Research from Queen Mary University of London suggests that the reason patients with rheumatoid arthritis often have different responses to therapy could be due to their genetic profiles.
Around 1.3 million adults are affected by rheumatoid arthritis in the U.S. There has been much progress in treating the autoimmune condition, which results in the body attacking its own joint tissue, in recent years, but around 40% of patients do not respond to specific therapies. Up to 20% of patients appear to be resistant to all current forms of treatment for the condition.
“The mechanisms of nonresponse are largely unknown and, unlike in other medical fields such as cancer where molecular pathology guides the use of targeted therapies, biomarkers able to predict response to specific agents in rheumatoid arthritis are still lacking,” write the authors in the new study published in Nature Medicine.
Costantino Pitzalis, Professor of Rheumatology at Queen Mary, and colleagues investigated differing patient responses to two common arthritis drugs, the monoclonal antibody therapies rituximab and tocilizumab via joint tissue biopsies.
The researchers included 164 arthritis patients who were involved in an earlier trial testing rituximab vs tocilizumab, which was published in The Lancet last year. The 2021 study suggested that patients with low or missing B-cell lineage expression signature in synovial tissue fared better when treated with tocilizumab. Of these patients, 50% responded to tocilizumab, but only 12% to rituximab.

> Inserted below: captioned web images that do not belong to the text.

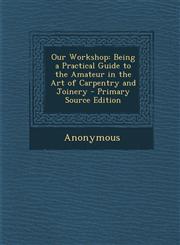Our Workshop Being a Practical Guide to the Amateur in the Art of Carpentry and Joinery - Primary Source Edition,1294014099,9781294014096
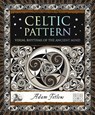 Celtic Pattern: Visual Rhythms of the Ancient Mind - Adam Tetlow - 9781952178009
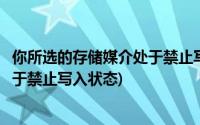 你所选的存储媒介处于禁止写入状态(您所选择的存储媒介处于禁止写入状态)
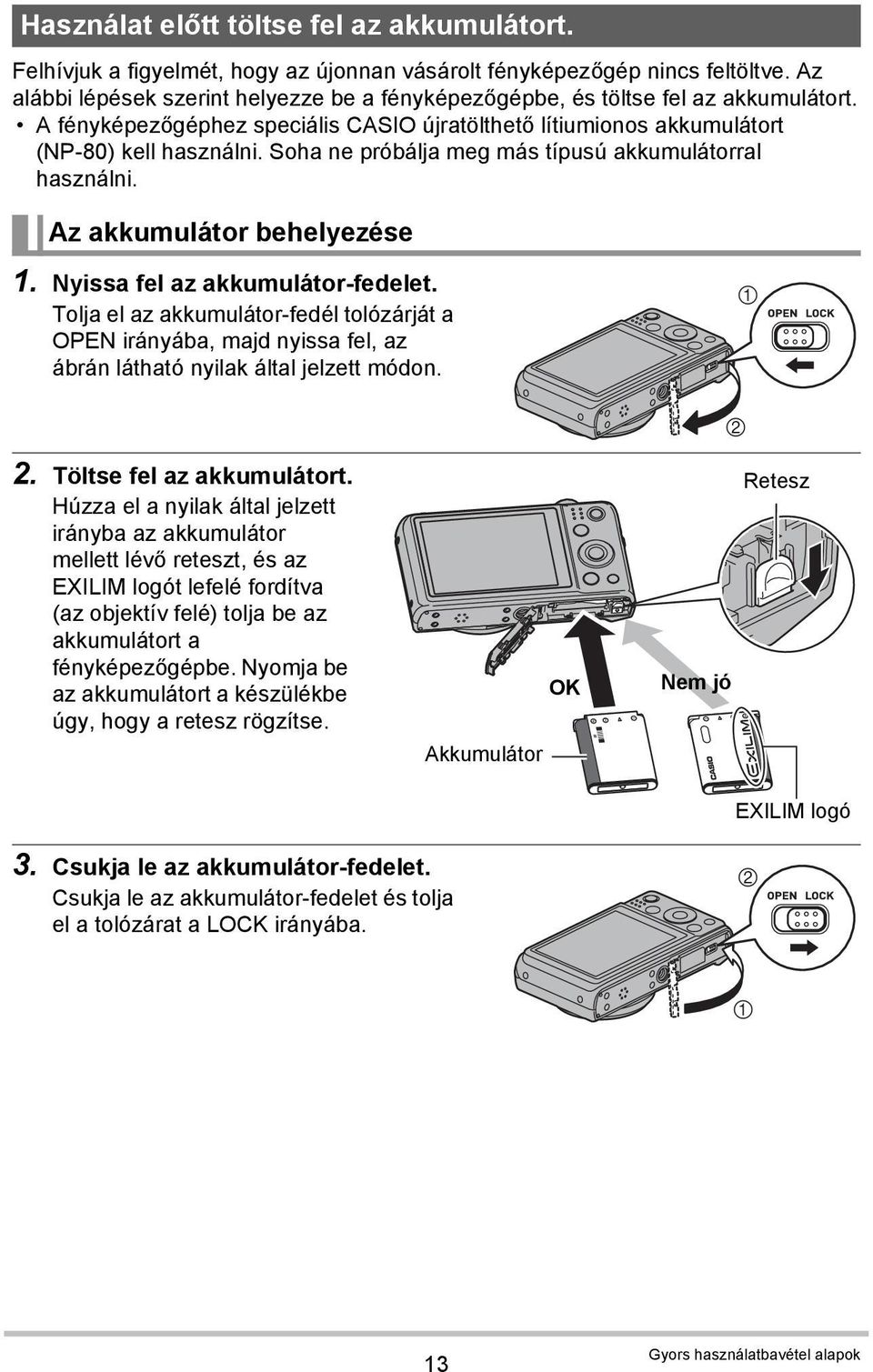 Soha ne próbálja meg más típusú akkumulátorral használni. Az akkumulátor behelyezése 1. Nyissa fel az akkumulátor-fedelet.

In the current study, joint tissue biopsies from the patients were examined further and analyzed for genetic associations. The authors discovered genetic signatures linked with response to each drug and also highlighted a specific genetic profile, comprising 1277 genes, in tissue taken from patients who did not respond to any therapies.

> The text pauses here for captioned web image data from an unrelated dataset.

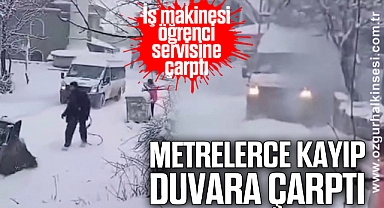 İş makinesi öğrenci servisine çarptı: Metrelerce kayıp duvara çarptı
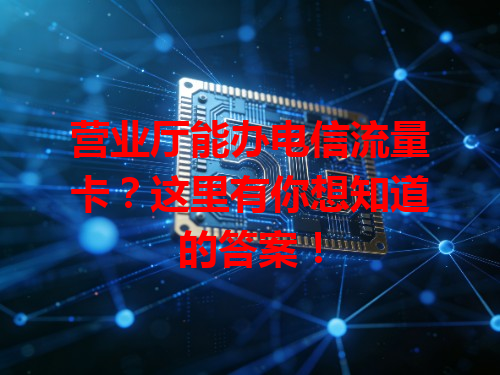 营业厅能办电信流量卡？这里有你想知道的答案！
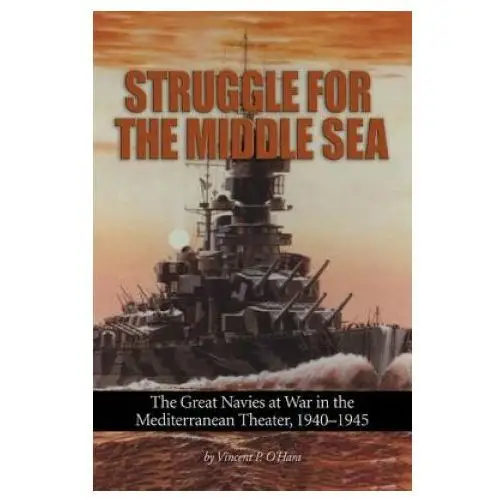 Struggle for the middle sea Naval institute press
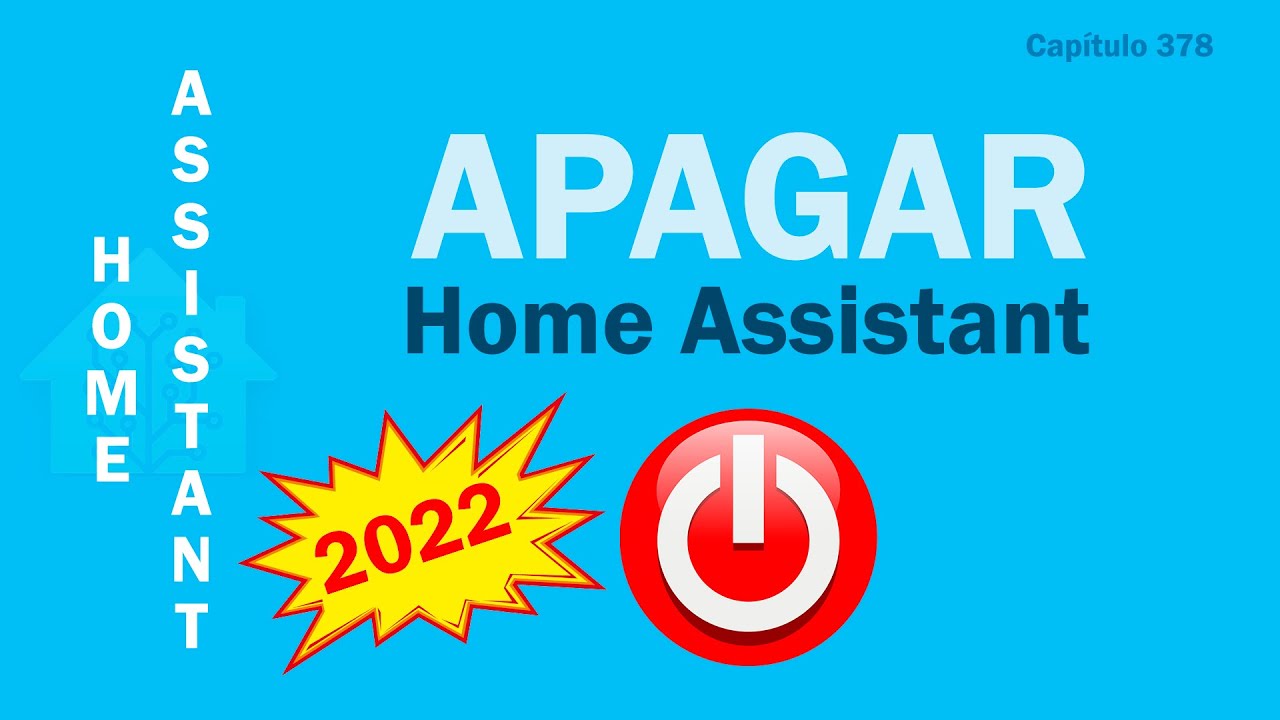 Cómo apagar Home Assistant 2022
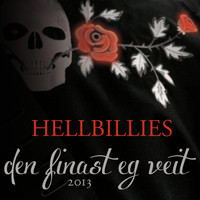 Hellbillies - Den finast eg veit (2013)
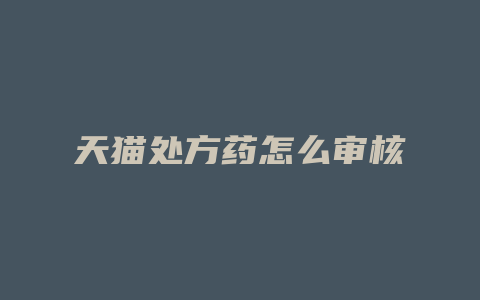 天猫处方药怎么审核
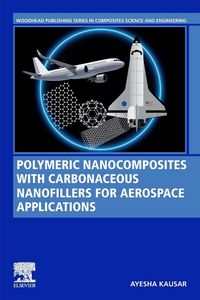 Produktbild: Polymeric Nanocomposites with Carbonaceous Nanofillers for Aerospace Applications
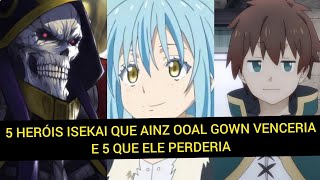 OVERLORD / 5 heróis isekai que Ainz Ooal Gown poderia vencer e 5 que ele perderia / Só Para Animes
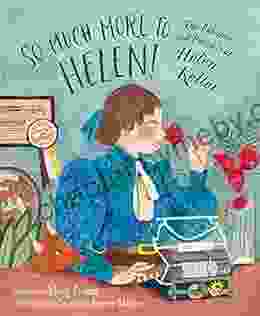 So Much More to Helen: The Passions and Pursuits of Helen Keller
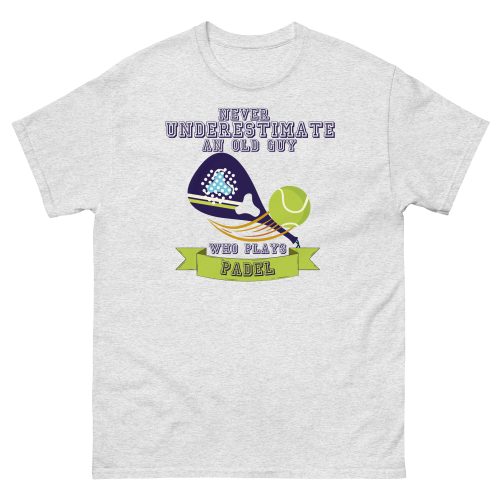 Padel T-shirt Never Underestimate An Old Guy Who Plays Padel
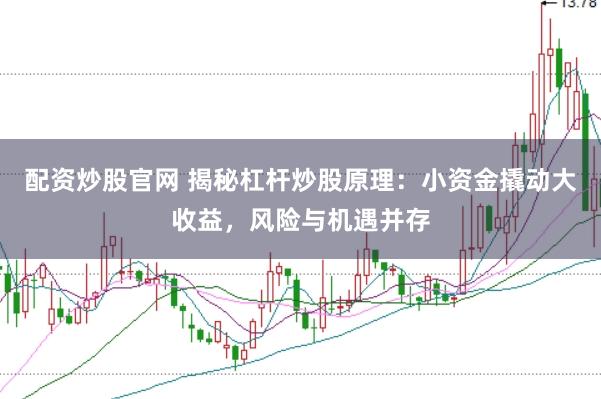 配资炒股官网 揭秘杠杆炒股原理：小资金撬动大收益，风险与机遇并存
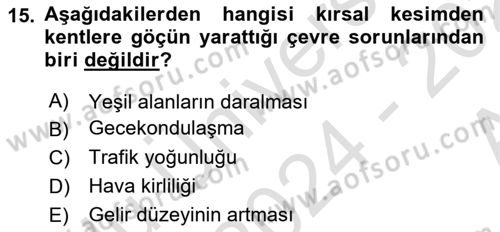 Çevre Sosyolojisi Dersi 2024 - 2025 Yılı (Vize) Ara Sınav Soruları 15. Soru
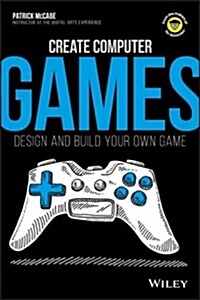 Create Computer Games: Design and Build Your Own Game (Paperback)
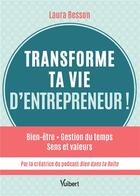 Couverture du livre « Transforme ta vie d'entrepreneur ! Bien être - Gestion du temps - Sens et valeurs... » de Laura Besson aux éditions Vuibert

“Incorporating molecular information prior to prescribing arthritis treatments to patients could forever change the way we treat the condition. Patients would benefit from a personalized approach that has a far greater chance of success, rather than the trial-and-error drug prescription that is currently the norm,” commented Pitzalis, also co-senior author of the study, in a press statement.

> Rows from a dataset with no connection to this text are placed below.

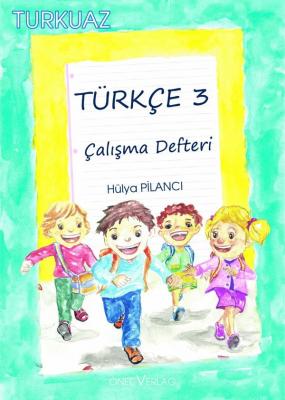 Türkçe 3 - Çalışma Defteri Hülya Pilancı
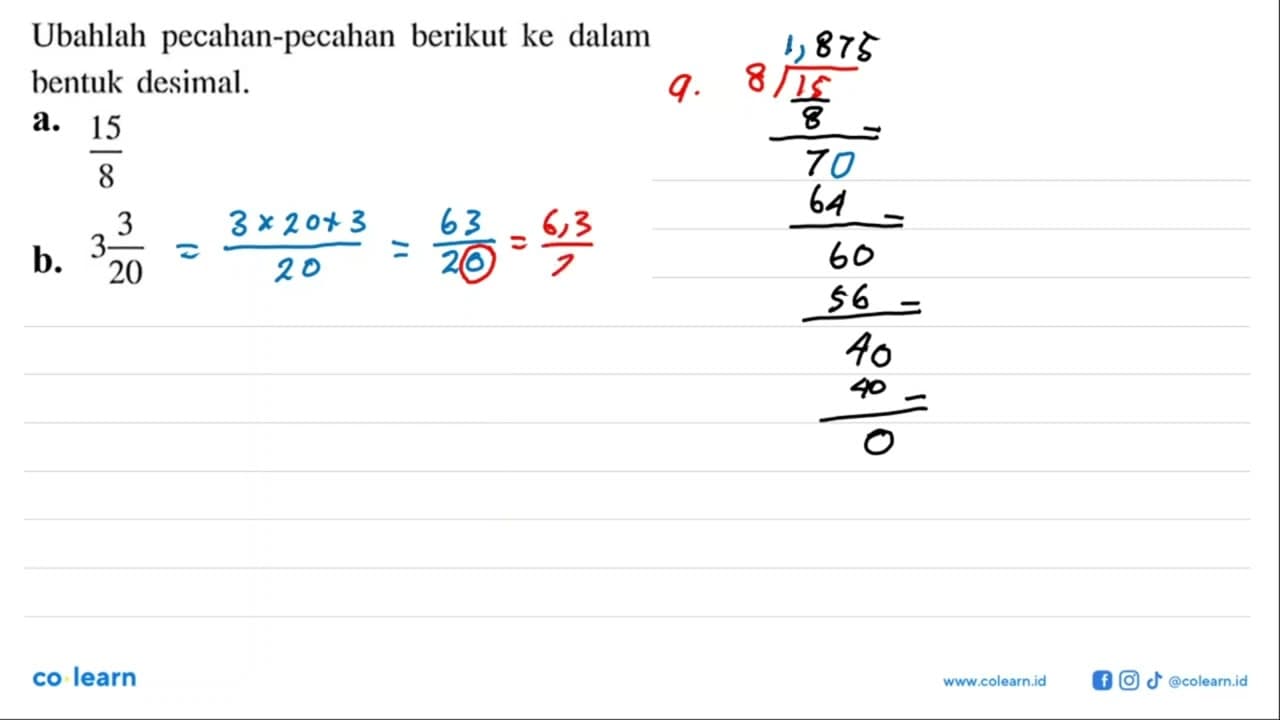 Ubahlah pecahan-pecahan berikut ke dalam bentuk desimal. a.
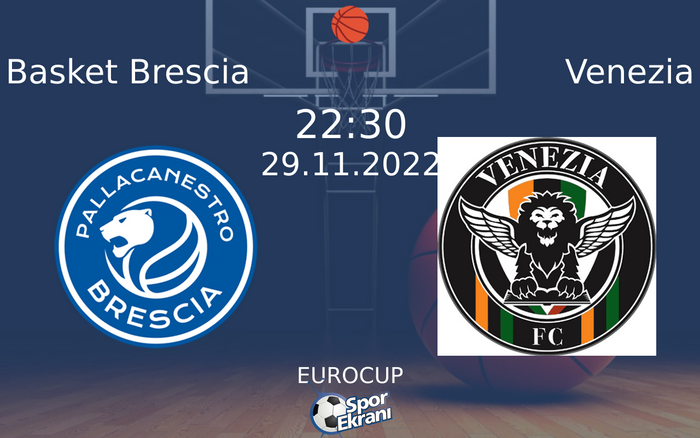 29 Kasım 2022 Basket Brescia vs Venezia maçı Hangi Kanalda Saat Kaçta Yayınlanacak? 29 Kasım 2022 Basket Brescia vs Venezia maçı Hangi Kanalda Saat Kaçta Yayınlanacak?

The team then used the data they collected to train machine learning algorithms to predict whether patients will respond to rituximab or tocilizumab and also whether they will be multi-drug resistant, which they are hoping to validate and develop further for use in the clinic.
“These results are incredibly exciting in demonstrating the potential at our fingertips; however, the field is still in its infancy and additional confirmatory studies will be required to fully realize the promise of precision medicine in rheumatoid arthritis,” said Pitzalis, also co-senior author of the study, in a press statement.
“The results are also important in finding solutions for those people who unfortunately don’t have a treatment that helps them presently. Knowing which specific molecular profiles impact this, and which pathways continue to drive disease activity in these patients, can help in developing new drugs to bring better results and much-needed relief from pain and suffering.”